Na sala principal era oficiada a missa com os
ouvintes voltados de costas para o oficiante e a comunhão ministrada sob a
forma de gomos de laranja. Orações como o Pai-Nosso, a Avé-Maria e as ladainhas
eram mantidas, mas o seu conteúdo transformado. No caso das ladainhas, por
exemplo, a invocação dos nomes dos santos era substituída pela invocação de
nomes de plantas.
A música e a dança acompanhavam todos os
rituais do movimento. As autoridades que o reprimiram acusaram ainda os seus
adeptos de se entregarem a práticas imorais, nomeadamente ao nudismo.
Maria Coroada chamou também a si o ministério
de outros sacramentos. O casamento e o baptismo eram oficiados por ela e, tudo
indica que, durante os anos que o movimento durou, ela tenha realmente
destronado o padre da freguesia nas suas actividades paroquiais.

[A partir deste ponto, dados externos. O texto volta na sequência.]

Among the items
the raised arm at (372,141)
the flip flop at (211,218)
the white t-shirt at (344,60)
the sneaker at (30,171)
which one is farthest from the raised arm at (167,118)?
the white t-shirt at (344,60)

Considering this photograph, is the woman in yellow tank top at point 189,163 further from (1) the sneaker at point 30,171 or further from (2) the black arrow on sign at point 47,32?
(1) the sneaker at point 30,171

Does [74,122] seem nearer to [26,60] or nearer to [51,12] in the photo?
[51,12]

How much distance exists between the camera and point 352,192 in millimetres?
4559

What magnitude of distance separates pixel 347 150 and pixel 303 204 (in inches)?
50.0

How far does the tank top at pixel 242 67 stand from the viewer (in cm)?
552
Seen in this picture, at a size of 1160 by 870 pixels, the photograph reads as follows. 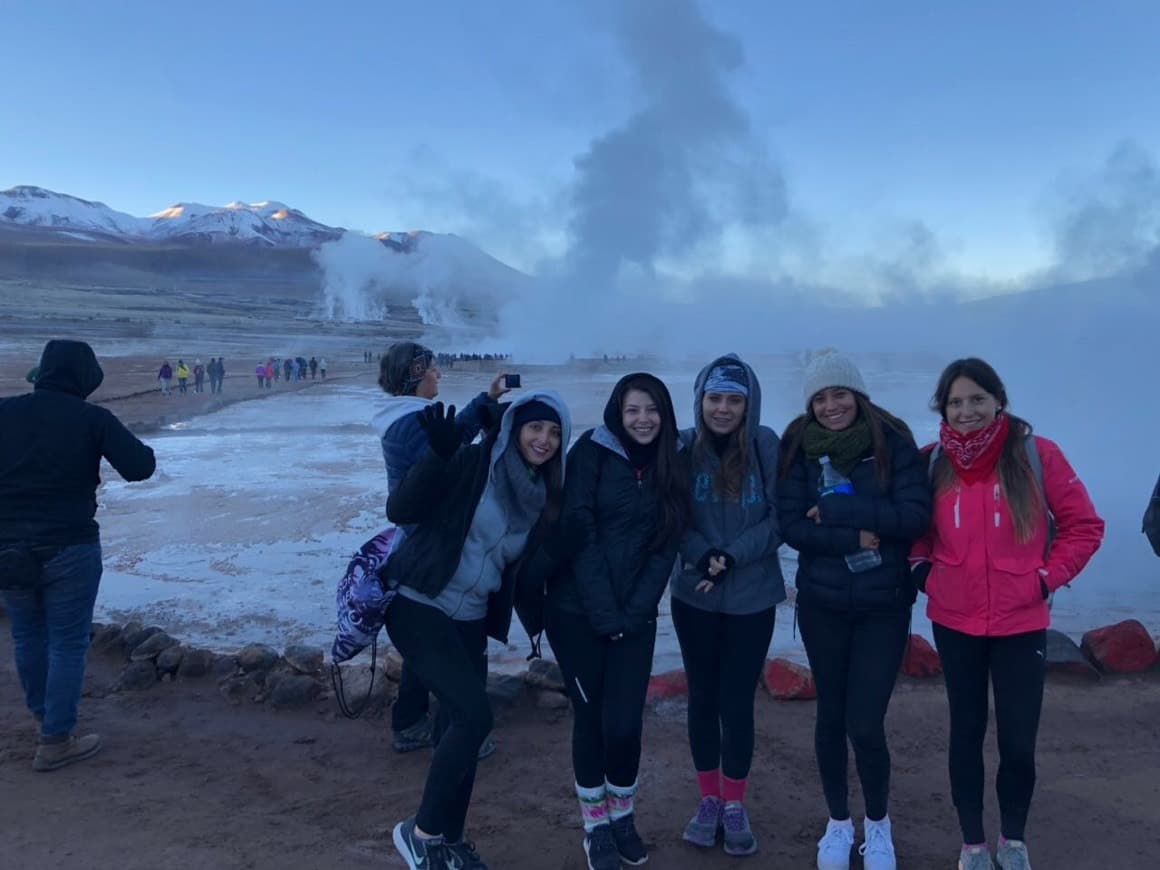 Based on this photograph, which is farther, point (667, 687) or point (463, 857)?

Uma das acusações que contra ela proferiram
Pinho Leal e o Abade de Miragaia tem a ver com o facto de se ter permitido
anular muitos casamentos canónicos celebrados, instituindo novas alianças
matrimoniais. Esta "desordem nas famílias" teria atingido também a
sua própria.
Descritos sinteticamente as crenças e rituais
do movimento, resta-nos agora caracterizar o conteúdo da sua mensagem
político-social. Se pensarmos nos numerosos exemplos de movimentos messiânicos
medievais, modernos e contemporâneos, a existência duma mensagem deste tipo não
constitui surpresa. De realçar, porém, porque parece ser menos habitual, pelo
menos na época contemporânea, o facto de o movimento ter expressado uma
mensagem político-social progressiva que nunca em nenhum momento se confunde
com a defesa de referências tradicionais ou com qualquer forma de idealização
do passado.
De facto, a crítica às hierarquias sociais
tradicionais e à própria monarquia são contundentes.
A preconização do ensino feminino gratuito
constitui um dos múltiplos aspectos em que no discurso do movimento se valoriza
a imagem da mulher.
As pregações de Maria Coroada revelam ainda
uma preocupação fundamental com os desvalidos da sociedade, os pobres, os
inválidos, os velhos, os órfãos e as viúvas.
O relevo que é dado a esta questão parece
indicar a crise de assistência pública resultante da extinção recente das
ordens religiosas. À sua resolução se liga o essencial das propostas utópicas
do movimento.
Neste sentido, preconiza-se a edificação duma
espécie de asilos, primeiro custeados pelos membros de direito da Comunidade
que são os lavradores e, mais tarde, auto-subsistentes. A fundação destes
estabelecimentos iria permitir ainda aos lavradores expiarem o único crime que
lhes era atribuível; o crime de "tirar marcos".